| Sozialrecht

„Wenn nicht jetzt, wann dann?!“: Ministerin Spiegel unterstützt bundesweiten Appell zur Beendigung der Diskriminierung Hunderttausender Kinder

Das derzeitige Sozialrecht diskriminiert über eine Viertel Million Kinder und Jugendliche mit körperlicher und geistiger Behinderung. Da sie sich in einem anderen Rechts- und Hilfesystem befinden wie alle anderen Kinder und Jugendlichen, haben sie und ihre Eltern gravierende Nachteile. Sie leiden unter Zuständigkeitslücken, ihre Teilhabe am gesellschaftlichen Leben wird erschwert und sie werden mit unnötigen bürokratischen Hürden konfrontiert.  

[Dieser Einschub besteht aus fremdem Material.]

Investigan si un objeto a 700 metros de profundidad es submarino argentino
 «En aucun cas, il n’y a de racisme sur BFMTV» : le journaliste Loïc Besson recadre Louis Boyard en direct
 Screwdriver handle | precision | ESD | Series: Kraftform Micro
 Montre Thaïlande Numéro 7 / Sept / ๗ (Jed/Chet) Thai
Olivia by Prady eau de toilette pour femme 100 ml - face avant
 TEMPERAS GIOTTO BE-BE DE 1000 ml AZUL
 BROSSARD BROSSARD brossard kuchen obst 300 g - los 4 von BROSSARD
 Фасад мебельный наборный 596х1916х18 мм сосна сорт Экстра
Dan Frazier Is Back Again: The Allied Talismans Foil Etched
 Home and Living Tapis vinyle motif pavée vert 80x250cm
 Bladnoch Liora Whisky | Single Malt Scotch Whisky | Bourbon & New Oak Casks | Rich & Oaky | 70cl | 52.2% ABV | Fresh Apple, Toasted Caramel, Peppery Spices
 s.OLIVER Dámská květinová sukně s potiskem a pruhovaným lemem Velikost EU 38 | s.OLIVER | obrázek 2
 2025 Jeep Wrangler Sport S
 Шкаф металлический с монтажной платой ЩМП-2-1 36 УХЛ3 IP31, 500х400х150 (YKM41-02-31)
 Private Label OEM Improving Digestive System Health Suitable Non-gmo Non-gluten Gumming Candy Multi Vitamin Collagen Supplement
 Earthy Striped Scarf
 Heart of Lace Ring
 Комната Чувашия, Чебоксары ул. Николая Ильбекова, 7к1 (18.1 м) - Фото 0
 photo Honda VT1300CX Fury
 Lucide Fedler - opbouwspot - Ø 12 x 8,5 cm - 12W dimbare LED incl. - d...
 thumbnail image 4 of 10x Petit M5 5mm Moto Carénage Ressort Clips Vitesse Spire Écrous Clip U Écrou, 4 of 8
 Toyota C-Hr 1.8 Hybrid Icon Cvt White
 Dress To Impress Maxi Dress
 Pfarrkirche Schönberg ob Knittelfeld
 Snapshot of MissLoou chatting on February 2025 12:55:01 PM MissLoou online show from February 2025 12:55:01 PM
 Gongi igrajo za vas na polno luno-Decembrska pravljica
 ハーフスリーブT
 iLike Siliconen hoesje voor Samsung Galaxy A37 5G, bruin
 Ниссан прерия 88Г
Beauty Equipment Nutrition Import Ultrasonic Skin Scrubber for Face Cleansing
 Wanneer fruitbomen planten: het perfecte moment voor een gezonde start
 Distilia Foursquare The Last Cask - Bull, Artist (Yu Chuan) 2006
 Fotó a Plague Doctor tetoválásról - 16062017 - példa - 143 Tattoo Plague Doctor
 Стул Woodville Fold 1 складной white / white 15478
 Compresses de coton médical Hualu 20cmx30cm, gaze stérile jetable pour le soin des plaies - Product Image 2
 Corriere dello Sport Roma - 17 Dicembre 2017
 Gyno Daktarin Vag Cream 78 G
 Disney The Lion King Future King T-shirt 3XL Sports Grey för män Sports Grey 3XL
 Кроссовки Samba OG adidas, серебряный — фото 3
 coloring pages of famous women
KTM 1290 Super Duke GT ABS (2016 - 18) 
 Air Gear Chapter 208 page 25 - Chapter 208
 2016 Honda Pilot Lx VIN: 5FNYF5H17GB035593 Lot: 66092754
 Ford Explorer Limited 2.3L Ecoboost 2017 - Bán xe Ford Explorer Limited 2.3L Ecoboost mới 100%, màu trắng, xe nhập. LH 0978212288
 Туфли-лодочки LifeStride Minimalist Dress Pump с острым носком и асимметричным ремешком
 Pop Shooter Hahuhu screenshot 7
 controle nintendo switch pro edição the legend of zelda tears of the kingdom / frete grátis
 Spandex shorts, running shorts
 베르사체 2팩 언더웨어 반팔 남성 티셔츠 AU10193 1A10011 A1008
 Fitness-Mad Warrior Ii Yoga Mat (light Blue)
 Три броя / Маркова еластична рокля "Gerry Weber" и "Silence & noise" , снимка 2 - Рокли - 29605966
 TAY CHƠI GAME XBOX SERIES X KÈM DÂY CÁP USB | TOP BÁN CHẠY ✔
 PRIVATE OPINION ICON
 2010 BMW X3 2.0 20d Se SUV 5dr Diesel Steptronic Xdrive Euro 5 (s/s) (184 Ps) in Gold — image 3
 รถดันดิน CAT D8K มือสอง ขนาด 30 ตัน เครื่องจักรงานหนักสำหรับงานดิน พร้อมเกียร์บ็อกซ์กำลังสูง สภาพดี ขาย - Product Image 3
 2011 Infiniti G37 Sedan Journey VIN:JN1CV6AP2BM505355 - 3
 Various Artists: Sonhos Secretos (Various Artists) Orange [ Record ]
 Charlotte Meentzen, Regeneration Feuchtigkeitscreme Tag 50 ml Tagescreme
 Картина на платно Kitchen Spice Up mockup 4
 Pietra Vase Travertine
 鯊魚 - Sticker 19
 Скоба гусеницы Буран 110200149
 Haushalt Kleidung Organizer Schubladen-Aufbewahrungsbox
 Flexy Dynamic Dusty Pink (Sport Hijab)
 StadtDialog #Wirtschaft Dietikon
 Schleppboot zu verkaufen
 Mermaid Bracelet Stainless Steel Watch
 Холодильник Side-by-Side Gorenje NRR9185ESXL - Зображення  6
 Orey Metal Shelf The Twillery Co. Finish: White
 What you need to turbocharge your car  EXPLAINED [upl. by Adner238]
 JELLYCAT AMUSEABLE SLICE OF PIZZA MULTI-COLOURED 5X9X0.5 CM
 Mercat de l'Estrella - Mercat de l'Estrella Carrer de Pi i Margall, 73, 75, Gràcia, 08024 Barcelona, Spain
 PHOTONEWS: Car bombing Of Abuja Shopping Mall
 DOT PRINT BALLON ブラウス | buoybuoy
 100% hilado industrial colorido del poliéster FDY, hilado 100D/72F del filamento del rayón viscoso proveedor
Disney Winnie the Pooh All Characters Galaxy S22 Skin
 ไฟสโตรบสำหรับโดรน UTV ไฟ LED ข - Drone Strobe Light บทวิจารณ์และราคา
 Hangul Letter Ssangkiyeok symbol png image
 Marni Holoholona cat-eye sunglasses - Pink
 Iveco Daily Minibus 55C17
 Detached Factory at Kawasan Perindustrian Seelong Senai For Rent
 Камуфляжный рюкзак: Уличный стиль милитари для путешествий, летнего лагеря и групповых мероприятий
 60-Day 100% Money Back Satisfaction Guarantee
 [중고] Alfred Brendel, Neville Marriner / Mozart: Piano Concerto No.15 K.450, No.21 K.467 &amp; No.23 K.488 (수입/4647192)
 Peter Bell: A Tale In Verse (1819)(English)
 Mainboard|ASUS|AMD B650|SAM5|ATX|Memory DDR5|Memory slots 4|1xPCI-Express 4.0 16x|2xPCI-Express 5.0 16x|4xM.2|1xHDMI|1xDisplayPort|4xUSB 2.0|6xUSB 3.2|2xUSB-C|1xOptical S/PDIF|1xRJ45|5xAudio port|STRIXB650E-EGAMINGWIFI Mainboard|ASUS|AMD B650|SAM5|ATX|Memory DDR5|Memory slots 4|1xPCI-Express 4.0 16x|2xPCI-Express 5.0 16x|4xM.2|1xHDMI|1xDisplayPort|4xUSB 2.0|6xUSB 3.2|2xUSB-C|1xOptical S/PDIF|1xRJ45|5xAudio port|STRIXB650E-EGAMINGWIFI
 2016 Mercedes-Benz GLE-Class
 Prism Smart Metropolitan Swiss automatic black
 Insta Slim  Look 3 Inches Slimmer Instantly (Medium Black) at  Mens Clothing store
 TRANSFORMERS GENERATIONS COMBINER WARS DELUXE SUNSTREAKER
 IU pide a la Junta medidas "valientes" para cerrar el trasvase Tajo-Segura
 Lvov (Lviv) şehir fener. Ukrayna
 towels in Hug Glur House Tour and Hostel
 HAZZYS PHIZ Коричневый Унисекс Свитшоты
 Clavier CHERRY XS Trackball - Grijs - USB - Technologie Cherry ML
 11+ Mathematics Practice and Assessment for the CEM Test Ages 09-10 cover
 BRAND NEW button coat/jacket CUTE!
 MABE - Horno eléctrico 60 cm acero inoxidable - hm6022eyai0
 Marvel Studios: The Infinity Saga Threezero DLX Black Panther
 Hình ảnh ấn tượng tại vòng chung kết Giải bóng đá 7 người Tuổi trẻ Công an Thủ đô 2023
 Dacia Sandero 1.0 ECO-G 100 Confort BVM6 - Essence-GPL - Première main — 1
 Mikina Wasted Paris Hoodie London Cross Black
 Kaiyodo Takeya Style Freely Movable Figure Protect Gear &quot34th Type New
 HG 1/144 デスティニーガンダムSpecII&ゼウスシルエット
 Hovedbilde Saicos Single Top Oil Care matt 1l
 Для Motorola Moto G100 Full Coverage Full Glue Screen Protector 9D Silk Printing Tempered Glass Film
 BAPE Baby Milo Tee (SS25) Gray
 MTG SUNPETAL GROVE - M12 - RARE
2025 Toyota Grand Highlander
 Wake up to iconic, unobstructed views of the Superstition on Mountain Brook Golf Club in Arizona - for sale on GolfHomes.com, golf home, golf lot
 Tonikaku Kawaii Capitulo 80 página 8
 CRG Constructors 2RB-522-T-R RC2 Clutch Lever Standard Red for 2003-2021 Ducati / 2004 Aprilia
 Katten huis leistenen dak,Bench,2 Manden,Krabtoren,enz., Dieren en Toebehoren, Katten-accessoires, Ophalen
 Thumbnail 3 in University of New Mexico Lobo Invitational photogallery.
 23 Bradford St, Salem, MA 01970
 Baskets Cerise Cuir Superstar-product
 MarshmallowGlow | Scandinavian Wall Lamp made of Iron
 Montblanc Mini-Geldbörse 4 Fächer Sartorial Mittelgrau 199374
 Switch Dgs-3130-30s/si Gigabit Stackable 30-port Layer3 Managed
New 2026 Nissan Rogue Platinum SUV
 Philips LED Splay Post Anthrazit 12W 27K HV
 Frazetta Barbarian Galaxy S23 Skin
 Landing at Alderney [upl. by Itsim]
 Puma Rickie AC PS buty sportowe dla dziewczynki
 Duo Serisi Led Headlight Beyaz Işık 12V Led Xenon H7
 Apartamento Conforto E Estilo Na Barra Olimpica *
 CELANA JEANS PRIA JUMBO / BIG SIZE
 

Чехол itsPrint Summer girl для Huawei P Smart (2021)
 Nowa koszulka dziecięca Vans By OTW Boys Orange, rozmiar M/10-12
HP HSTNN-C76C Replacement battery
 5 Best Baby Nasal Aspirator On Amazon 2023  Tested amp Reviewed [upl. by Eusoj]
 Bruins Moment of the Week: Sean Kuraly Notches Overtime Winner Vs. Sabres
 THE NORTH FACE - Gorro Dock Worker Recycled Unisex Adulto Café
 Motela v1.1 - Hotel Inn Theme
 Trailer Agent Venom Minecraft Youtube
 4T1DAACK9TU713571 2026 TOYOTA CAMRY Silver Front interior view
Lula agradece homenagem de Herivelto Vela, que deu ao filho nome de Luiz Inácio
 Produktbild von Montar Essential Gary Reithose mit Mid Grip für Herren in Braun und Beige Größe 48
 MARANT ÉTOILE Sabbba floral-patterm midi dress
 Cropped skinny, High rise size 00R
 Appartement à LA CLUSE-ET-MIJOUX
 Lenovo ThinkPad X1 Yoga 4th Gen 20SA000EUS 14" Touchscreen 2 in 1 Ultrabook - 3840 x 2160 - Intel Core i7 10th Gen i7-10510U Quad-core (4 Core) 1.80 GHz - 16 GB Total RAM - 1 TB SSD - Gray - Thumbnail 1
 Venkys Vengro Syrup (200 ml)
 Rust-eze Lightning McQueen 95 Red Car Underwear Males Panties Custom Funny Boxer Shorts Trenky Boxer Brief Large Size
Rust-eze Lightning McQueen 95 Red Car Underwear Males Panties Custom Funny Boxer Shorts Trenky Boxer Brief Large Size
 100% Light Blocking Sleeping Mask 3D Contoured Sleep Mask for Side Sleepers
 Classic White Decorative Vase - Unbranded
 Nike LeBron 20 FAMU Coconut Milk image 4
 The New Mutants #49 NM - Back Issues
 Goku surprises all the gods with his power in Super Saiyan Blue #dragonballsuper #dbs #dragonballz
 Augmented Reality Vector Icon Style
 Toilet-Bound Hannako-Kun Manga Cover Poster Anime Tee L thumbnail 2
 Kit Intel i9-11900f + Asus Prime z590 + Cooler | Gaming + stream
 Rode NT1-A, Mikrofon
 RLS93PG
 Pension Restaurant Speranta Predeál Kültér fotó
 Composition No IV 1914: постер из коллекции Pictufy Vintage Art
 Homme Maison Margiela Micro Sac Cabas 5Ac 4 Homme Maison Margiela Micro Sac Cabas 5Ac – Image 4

Seit fast drei Jahrzehnten diskutieren Kinder- und Jugendhilfe sowie die Behindertenhilfe darüber, wie dieser Missstand behoben werden kann. „Wir brauchen endlich eine einheitliche Regelung, also eine inklusive Lösung“, erklärte die rheinland-pfälzische Jugend- und Familienministerin Anne Spiegel. „Ich erwarte von der Bundesregierung, dass sie jetzt endlich tätig wird und mit einer Reform des Kinder- und Jugendhilferechts die Voraussetzungen dafür schafft, dass das SGB VIII die alleinige Zuständigkeit für alle Kinder und Jugendlichen erhält, ganz gleich ob sie behindert sind oder nicht und ganz gleich, welcher Art ihre Behinderung ist. Die Zeit ist reif – wenn nicht jetzt, wann dann?!“

Bislang gilt die Regelung: Bei einem Intelligenzquotienten von 70 oder darüber ist die Kinder- und Jugendhilfe (SGB VIII), bei 69 oder darunter oder bei körperlicher Behinderung die Eingliederungshilfe (SGB IX/SGB XII) zuständig. „Die Fachleute aus beiden Disziplinen sind sich weitgehend einig, dass diese geteilte Zuständigkeit endlich beendet werden muss“, so Anne Spiegel.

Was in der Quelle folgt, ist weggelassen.